The flush valve may also be coated with a material which provides protection or other advantages. For example, suitable coatings may improve resistance to corrosion and swelling, and otherwise enhance durability. Examples of coatings may include but are not limited to hydrophobic coatings (e.g. wax), polymeric coatings (e.g. Ethylene vinyl alcohol, etc.), and rubbery coatings (e.g. Silicones).
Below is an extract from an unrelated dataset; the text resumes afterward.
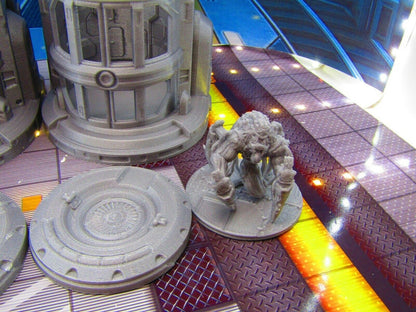 Containment Holding Chambers Cell Damaged Pair W/ Space Monsters Aliens Set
The flush valve may be colored or transparent. Although the color of the flush valve does not substantially affect the function, the flush valve may be made to have an aesthetically pleasing color, for example, by dying, painting, coating, etc.
Installation
A flush valve as described herein may be installed into the tank of a toilet by attaching the base region of the flush valve to the tank outlet port. In one version, the flush valve is attached to the outlet port by inserting the base region of the flush valve through the tank outlet port, and attaching applying pressure to seal the base region of the flush valve to the sides of the toilet outlet port. In one version, the base of the outlet port is threaded to attach to a nut. In versions of the flush valve in which the base of the flush valve is made of an elastomeric material, the flush valve may be sealed in the outlet port by clamping the base region of the flush valve against the tank, e.g. the sides of the outlet port. In one version, the flush valve is clamped to the outlet port by tightening a nut which compresses the base region of the flush valve against the walls of the outlet port. In one version, the inside of the base region of the flush valve threaded, and the base region of the flush valve is inserted into the tank outlet port and a threaded cylinder can be screwed into the base region to apply pressure sufficient to seal the base region into the tank outlet port. The threaded cylinder may be tapered so that the base region is slightly expanded as the cylinder is tightened, enhancing the seal.
The tank outlet port should be in fluid communication with the toilet bowl, so that fluid passing through the tank outlet port will enter the toilet bowl.
Operation
The tipping actuator may be configured so that moving the handle on the outside of the toilet tank 615 downwards (as in most standard US toilet tanks) opens the flush valve. The tipping actuator may also include a spring, buoyant material, counterweight, or some combination thereof to return the actuator to the rest position immediately after flushing the toilet.
Although the tipping actuator is shown as a rigid member that may be pivoted by moving the handle, the tipping actuator may be any device capable of submerging at least one edge of the float region of the flush valve. The tipping actuator may submerge the entire float region. Thus, the tipping actuator may be a chain, lever arm, or plunger. It is preferable that the tipping actuator be controlled by the user from the side of the tank, for example by a handle means, as shown in
The flush valve is turned off once the water in the tank has drained to a level approximately equal to the top of the float region, and the float region can no longer sink. Buoyancy of the float region is fully restored once the water in the float region (which is weighing down the float region) drains into the flush valve. As the tank is refilled through the tank inlet valve, the float region rises with the surface of the water in the tank. After the tank is completely refilled, the float region of the flush valve is once again at the top of the water level, and the flush valve is fully closed, and ready to be activated by the tipping actuator.
Although illustrative variations of the flush valve have been described above, it will be evident to a skilled artisan that various changes and modifications may be made without departing from the true scope and spirit of the flush valve described above and herein claimed. The various examples are, therefore, to be considered in all respects as illustrative and not restrictive.